Even the Bank of England is worried that British consumers might be overextending themselves. The BoE has said there is a real possibility of banks running into trouble should there be another economic downturn in the near future. They have started to respond by setting stricter standards by which they will approve new credit card applicants. Roughly a third of banks plan to tighten their criteria during the next quarter, according to the BoE.
Secured Lending to Pay off the Debt
With all of this now on the table, you might be wondering why tighter credit card criteria would mean an increase in secured lending. Well, there are two reasons. First, consumers who planned to get new credit cards in order to finance things like home improvements and travel may suddenly discover they are no longer eligible for the low-interest cards they were hoping for. They can still borrow if they have sufficient equity in their homes. For that reason alone, secured lending could enjoy modest growth even as credit card borrowing declines somewhat.
The second reason, and perhaps the more important one, is the reality of the BoE's warning. Any risk to lenders in the event of an economic downturn is directly related to the consumer's ability – or a lack thereof – to repay credit card debt. A credit card crisis in the future would inevitably lead to larger numbers of consumers using secured loans to consolidate their credit card debt. We can even see banks offering secured lending to credit card customers already in trouble.
Secured lending is the perfect solution to credit card debt on many levels.

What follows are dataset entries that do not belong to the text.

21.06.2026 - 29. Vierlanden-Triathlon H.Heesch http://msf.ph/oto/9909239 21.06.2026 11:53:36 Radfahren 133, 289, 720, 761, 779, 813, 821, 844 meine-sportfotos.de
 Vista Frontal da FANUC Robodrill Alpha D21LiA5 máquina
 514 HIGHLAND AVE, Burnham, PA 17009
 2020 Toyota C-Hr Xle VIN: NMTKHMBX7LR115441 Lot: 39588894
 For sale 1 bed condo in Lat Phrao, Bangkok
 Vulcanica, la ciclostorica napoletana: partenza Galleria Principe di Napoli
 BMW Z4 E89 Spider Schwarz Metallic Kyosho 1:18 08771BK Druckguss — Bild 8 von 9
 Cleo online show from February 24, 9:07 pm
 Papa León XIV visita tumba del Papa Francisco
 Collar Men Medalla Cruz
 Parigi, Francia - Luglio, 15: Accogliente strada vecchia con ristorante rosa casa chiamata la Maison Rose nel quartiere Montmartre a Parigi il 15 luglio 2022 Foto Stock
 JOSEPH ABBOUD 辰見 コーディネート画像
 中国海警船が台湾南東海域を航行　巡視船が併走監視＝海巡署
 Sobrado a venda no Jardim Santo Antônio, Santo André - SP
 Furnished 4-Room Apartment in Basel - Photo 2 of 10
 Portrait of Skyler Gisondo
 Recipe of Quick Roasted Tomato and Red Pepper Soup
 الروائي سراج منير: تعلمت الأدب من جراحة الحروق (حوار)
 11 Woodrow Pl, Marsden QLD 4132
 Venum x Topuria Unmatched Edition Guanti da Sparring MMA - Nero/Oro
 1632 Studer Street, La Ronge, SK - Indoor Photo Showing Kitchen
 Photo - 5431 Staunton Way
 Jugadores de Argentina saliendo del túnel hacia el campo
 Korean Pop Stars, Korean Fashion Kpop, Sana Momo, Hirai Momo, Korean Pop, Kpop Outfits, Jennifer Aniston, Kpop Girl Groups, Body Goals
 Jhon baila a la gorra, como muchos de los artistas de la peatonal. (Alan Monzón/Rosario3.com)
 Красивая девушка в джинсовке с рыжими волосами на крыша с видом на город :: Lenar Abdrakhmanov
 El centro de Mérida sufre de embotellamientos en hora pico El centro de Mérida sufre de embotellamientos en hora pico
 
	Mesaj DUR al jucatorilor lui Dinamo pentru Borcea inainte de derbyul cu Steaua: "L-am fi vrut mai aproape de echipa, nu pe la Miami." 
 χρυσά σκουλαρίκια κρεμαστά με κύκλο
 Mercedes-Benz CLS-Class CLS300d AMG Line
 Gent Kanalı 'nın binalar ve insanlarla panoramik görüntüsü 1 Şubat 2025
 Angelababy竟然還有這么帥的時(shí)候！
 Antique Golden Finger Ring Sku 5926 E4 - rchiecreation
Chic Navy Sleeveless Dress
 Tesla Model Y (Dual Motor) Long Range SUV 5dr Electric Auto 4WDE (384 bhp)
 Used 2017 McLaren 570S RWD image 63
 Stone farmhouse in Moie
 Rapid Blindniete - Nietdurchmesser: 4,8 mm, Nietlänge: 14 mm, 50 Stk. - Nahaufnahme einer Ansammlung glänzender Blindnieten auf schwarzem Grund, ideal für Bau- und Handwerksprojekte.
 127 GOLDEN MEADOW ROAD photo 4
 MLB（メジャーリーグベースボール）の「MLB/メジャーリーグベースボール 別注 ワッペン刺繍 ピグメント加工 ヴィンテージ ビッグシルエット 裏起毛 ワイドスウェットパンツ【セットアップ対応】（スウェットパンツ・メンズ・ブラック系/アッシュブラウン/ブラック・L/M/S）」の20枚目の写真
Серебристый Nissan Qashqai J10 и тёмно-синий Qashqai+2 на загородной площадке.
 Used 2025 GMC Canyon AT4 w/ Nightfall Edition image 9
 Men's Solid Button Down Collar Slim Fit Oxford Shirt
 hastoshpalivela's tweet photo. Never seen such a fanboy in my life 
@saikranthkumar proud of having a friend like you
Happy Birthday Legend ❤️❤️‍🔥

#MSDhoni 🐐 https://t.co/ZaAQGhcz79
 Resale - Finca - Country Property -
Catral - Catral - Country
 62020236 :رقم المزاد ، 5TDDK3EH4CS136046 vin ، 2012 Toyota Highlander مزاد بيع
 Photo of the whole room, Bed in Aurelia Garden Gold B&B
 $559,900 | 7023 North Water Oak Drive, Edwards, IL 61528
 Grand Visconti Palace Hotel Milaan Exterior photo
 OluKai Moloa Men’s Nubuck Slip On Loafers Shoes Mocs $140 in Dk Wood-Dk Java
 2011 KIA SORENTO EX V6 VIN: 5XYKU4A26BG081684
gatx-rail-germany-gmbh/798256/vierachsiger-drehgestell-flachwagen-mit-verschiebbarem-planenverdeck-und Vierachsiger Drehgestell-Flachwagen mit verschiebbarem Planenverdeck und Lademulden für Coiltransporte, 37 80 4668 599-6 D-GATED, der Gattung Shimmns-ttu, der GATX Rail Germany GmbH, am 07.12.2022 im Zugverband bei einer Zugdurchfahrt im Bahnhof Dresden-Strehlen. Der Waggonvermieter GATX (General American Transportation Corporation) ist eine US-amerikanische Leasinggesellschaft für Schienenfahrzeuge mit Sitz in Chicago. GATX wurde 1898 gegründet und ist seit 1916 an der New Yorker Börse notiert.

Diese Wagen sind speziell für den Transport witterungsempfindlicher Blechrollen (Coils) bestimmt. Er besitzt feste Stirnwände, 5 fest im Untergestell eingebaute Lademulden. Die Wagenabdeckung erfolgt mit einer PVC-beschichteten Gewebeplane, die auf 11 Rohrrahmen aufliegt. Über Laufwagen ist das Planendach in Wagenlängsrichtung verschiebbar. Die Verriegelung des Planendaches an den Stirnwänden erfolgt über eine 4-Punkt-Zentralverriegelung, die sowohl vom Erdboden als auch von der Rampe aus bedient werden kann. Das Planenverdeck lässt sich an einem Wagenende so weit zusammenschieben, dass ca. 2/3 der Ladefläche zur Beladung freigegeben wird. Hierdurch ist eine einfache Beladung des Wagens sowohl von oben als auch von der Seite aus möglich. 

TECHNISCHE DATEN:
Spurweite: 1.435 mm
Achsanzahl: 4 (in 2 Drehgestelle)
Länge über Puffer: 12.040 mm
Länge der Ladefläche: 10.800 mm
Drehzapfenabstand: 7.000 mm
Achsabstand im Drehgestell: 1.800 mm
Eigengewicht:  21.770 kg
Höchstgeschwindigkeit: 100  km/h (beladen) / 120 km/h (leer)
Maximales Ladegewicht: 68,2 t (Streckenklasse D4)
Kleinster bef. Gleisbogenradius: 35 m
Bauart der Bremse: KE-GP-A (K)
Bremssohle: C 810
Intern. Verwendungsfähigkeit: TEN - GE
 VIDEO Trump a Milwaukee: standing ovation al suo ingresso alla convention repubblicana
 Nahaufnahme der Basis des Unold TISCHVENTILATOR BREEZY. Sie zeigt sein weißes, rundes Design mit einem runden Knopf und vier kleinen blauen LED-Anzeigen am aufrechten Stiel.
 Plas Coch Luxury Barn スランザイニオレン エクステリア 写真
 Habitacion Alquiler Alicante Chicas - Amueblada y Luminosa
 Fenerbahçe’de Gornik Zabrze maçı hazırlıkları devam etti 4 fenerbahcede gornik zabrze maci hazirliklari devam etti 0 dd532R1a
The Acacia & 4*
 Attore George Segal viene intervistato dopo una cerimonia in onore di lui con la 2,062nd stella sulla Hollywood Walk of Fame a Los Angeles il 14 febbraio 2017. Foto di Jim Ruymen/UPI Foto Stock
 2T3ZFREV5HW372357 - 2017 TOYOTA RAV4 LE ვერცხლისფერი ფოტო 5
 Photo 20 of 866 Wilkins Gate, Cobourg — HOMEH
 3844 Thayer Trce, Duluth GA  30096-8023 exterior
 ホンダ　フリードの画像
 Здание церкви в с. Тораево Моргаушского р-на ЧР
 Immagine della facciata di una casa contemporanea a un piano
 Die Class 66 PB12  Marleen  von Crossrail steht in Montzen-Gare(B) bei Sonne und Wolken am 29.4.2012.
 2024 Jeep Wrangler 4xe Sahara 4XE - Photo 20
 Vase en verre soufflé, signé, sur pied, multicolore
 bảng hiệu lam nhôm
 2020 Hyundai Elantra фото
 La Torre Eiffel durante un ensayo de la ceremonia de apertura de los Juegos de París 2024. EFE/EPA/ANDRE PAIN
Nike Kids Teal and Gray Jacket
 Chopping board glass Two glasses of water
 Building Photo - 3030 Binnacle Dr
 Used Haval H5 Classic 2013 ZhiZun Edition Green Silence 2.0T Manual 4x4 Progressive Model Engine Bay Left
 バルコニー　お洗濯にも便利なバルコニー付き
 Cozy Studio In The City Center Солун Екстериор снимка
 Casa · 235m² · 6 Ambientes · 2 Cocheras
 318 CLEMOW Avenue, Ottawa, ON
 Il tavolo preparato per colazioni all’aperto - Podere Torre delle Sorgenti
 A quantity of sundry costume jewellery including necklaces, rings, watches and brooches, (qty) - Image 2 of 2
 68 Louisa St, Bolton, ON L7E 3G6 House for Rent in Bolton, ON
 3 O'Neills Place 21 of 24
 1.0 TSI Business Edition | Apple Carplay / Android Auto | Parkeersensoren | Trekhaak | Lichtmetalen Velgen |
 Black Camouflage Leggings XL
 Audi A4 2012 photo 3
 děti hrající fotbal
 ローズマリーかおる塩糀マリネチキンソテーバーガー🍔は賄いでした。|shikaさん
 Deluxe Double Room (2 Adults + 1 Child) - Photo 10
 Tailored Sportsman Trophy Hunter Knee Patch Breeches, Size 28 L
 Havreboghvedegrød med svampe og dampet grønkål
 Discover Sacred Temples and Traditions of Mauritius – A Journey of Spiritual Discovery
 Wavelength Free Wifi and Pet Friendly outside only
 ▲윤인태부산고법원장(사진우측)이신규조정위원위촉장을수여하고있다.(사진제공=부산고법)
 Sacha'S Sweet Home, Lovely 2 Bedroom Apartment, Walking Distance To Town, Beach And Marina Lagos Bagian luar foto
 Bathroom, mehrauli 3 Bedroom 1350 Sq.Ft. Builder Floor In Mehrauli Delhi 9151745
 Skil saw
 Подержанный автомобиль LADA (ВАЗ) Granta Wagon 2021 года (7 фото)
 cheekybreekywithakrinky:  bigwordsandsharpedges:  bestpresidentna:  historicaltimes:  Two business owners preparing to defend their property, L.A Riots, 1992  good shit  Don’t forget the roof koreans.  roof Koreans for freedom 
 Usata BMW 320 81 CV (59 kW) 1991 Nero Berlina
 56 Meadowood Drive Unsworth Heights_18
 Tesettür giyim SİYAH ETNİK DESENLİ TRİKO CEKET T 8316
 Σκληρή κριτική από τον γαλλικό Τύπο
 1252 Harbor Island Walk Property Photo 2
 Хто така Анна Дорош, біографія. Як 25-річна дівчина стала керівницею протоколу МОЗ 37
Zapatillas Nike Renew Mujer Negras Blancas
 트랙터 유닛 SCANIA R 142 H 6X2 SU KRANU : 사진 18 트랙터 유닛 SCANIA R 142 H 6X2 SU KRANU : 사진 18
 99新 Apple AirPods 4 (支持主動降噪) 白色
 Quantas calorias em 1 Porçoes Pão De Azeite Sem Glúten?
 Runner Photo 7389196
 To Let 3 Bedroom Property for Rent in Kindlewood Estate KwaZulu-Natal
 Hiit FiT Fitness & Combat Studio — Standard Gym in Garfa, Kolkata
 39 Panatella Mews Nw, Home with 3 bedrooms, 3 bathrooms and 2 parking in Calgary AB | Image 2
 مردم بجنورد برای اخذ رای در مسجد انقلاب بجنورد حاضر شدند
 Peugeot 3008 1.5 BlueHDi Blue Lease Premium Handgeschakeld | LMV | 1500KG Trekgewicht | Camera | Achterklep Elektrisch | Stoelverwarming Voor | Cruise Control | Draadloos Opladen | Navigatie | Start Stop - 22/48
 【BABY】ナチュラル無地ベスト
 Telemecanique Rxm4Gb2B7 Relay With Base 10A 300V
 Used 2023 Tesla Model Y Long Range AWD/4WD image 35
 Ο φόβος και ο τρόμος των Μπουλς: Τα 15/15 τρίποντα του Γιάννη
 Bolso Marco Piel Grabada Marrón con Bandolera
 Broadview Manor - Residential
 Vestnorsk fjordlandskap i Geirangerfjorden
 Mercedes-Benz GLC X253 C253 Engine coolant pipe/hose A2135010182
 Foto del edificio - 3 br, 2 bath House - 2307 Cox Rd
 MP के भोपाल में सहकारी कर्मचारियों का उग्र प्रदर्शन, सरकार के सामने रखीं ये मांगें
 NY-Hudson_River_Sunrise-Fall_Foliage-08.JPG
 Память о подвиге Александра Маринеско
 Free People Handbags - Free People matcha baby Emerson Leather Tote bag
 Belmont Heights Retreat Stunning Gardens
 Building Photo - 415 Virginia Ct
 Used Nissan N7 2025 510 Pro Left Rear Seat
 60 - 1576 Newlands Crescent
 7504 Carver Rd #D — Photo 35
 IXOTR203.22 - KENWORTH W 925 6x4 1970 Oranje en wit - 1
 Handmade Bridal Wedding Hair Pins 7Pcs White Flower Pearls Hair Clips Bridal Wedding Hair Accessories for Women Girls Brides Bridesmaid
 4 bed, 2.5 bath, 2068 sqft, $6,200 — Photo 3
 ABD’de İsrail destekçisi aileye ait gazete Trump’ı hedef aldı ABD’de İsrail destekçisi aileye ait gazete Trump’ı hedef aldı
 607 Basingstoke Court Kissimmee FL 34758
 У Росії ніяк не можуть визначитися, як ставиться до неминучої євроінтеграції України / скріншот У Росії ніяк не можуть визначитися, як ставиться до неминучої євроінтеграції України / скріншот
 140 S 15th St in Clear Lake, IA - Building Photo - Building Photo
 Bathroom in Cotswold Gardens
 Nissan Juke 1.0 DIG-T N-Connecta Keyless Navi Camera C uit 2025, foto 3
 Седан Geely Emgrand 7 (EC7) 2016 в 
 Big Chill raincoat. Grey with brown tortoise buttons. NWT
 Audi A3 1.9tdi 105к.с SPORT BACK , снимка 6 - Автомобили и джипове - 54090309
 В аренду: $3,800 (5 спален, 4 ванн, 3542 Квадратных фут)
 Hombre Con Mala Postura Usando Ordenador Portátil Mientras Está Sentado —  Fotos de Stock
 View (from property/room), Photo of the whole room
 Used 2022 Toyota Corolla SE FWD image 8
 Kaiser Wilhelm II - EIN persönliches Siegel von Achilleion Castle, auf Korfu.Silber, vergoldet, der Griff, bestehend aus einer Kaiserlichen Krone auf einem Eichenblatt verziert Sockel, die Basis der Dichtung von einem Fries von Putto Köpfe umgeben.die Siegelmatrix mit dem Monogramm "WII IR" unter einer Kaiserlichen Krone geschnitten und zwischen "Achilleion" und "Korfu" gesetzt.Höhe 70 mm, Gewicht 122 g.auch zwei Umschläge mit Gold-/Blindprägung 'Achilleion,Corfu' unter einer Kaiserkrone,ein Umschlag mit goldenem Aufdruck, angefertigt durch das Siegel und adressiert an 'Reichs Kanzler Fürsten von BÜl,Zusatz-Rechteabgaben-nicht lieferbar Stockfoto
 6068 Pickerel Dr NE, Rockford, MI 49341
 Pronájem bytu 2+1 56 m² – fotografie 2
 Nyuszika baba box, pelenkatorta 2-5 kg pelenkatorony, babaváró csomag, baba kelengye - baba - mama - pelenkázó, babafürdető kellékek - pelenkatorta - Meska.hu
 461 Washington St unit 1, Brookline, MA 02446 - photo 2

It is cheaper to service for consumers, and it is beneficial to banks inasmuch as it replaces unsecured debt with a secured loan where home equity is put up as collateral. Banks would then have tangible property to fall back on in the case of a default, instead of empty promises to repay.
Take a Look at Your Credit Cards
As a consumer, it is worth considering the BoE's warning of the potential for a future economic downturn. Look at it this way: it's always best to prepare for an economic downturn because you never know when one will occur. The one thing we do know is that downturns are an inevitable part of the economic cycle. For every economic upswing, there is a commensurate downturn as markets correct themselves.
If you are among those consumers that have allowed credit card spending to get out of control over the last 12 months, perhaps it's time for you to consider secured lending as a way out. Use the equity in your home to raise the financing necessary to pay off those credit cards once and for all.